Sunday, May 13, 2001

Molokai nurses
strike starts in
friendly way

The nurses are asking
for a 1 percent raise
over a 1-year contract

By Helen Altonn

It isn't your usual kind of strike. Family, friends and former patients delivered food, talked story and helped carry signs.

Said one: "Welcome to Molokai. Population 7,000. RNs: 6."

The strikers are Molokai General Hospital's six registered nurses.

"Hopefully, it won't be too long," said Dr. Philip Reyes, co-medical director of the hospital with Dr. Emmett Aluli. "We would like everyone to get back to work and be friends again, as we have in the past."

Caroldean Kahue, chief negotiator for the Hawaii Nurses Association, said: "This is such a good bunch of people, wonderful people, with so much affection."

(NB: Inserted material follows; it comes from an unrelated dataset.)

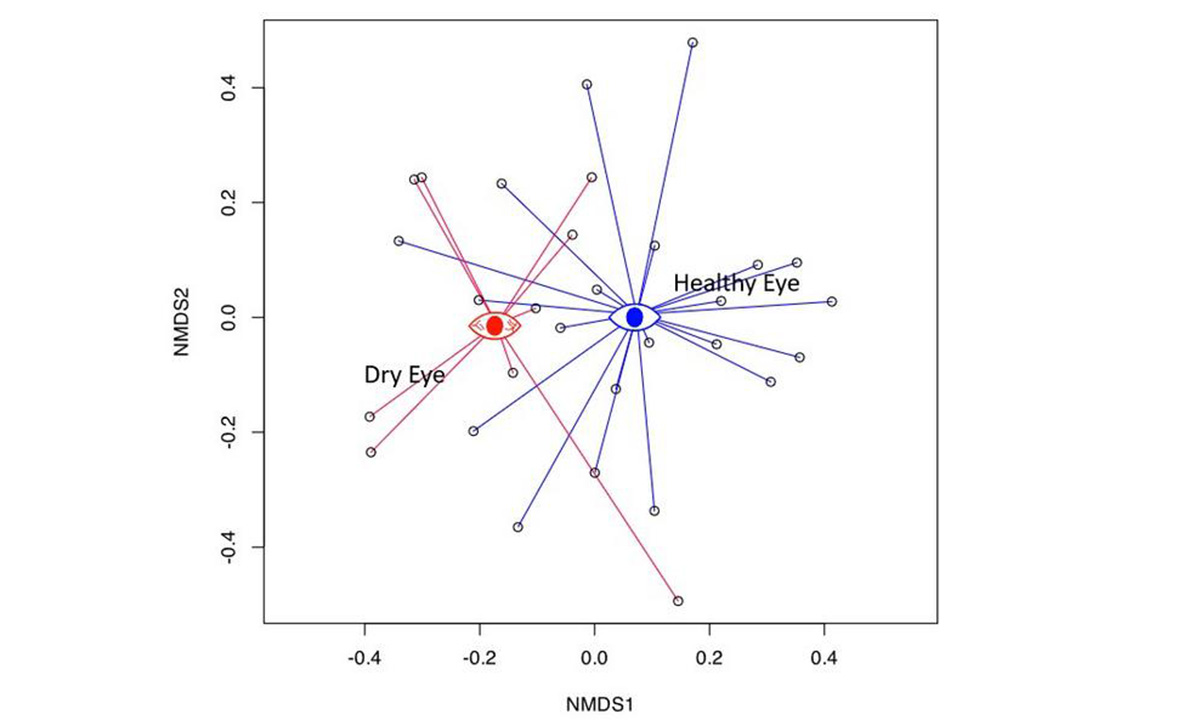 Streptococcus and Pedobacter were most prevalent in healthy eyes (blue) while more Acinetobacter were present in the eye microbiome of people with dry eye (red). Image: Pallavi Sharma, Stephen F. Austin State University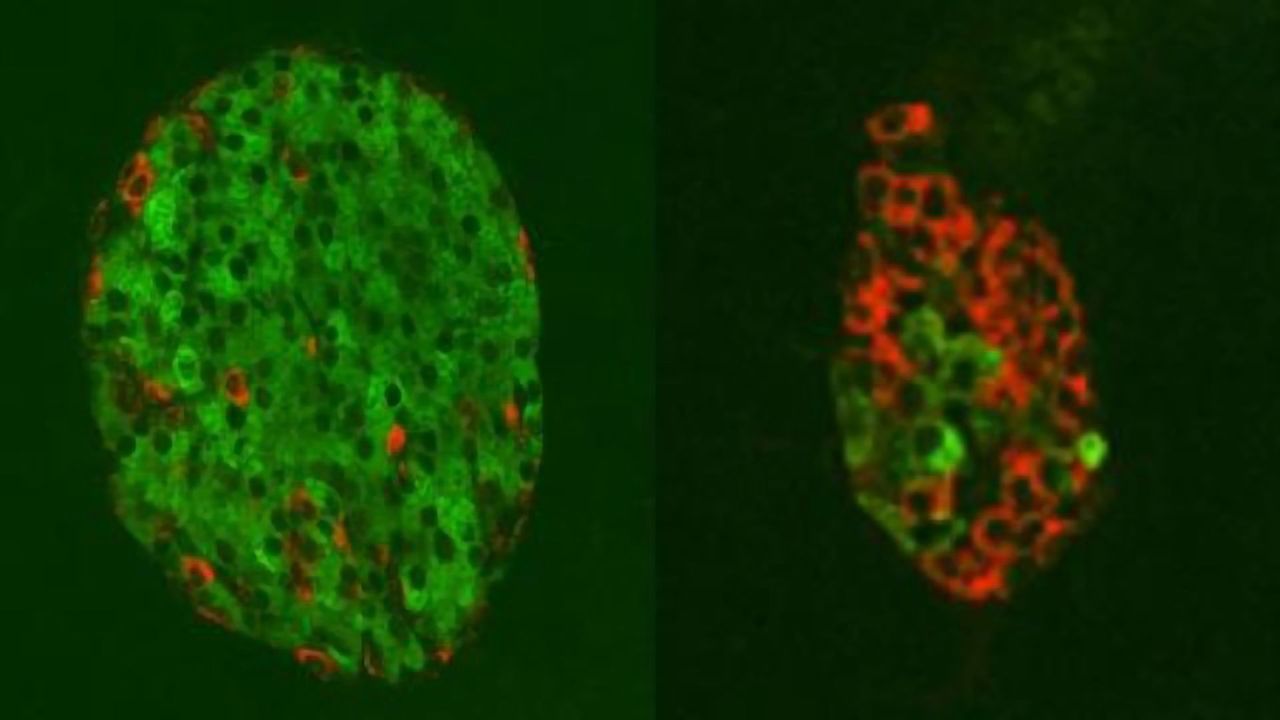 Swapping Alpha Cells for Beta Cells To Treat Diabetes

She was on the Friendly Isle yesterday when the strike began at 7 a.m.

Picketing started on the road leading to the hospital but the strikers weren't very visible, so they got permission to go onto the main highway and into Kaunakakai, Kahue said.

"They've got great support. It's like campaigning for one of the politicians," she said, noting about 25 to 30 people formed the picket line at one point.

Reyes said he hadn't heard from the federal mediator and no negotiations were scheduled, but the parties remained on call.

He said the hospital was "doing fine" yesterday. It is prepared to handle patients "and to go until such time as we come to a settlement." Most cases involve urgent care or office visits for minor problems, he said.

Kahue said the nurses in 1997 were earning $25.10 an hour, and they're still earning that.

"Their main priority is patient care," she said. "We're headed for a nursing shortage and staffing goes down to six for a seven-day, 24-hour operation, and that's really minimal."

Mary Bonifacio, hospital director of nurses, said more nurses haven't been recruited because patients have declined.

But Kahue said with low staffing, the nurses' workload and responsibilities have increased significantly.

"We think the pay raise requested is very, very modest," Kahue said.

The nurses asked for a 1 percent increase starting in October until April of next year, when the contract will reopen for negotiations, she said.

She said the hospital didn't want to give an increase, "saying it's having a difficult time, which we understand," she said. "But we think the nurses have done their part."

The hospital offered a $350 bonus with a 1 percent increase per year over the next two years if the contract was extended to 2003, she said. The nurses want the contract to expire in 2002, she said.

They agreed to the $350 bonus but asked for an agreement -- refused by the employer -- to give them a matching increase for anything above that negotiated with the United Public Workers for its hospital employees, Kahue said.

She said the nurses association recognizes that the hospital is hurting, as well as others in Hawaii and across the nation. But the total amount of the pay raise for the six nurses per year would be less than $4,000, she said, and competitive salaries are needed "to try to lure people to come to Molokai."

News of the strike has been slow to reach Molokai residents. Blossom Poepoe, manager of Kanemitsu Bakery and Restaurant, said she heard little about it because of various events going on over the weekend. "Probably (today) they'll realize the hospital is on strike."

Crystal Egusa, manager of the family's Friendly Market Center, said she was talking with employees about the strike, but they had little information about it. "With the teachers strike and economic conference, it's a little blurp on the side."

She said the pay request didn't sound like much and that she knows the nurses "work really hard" because her mother-in-law was there in long-term care for many years.

On the other hand, she said, "I know the hospital is having a hard time."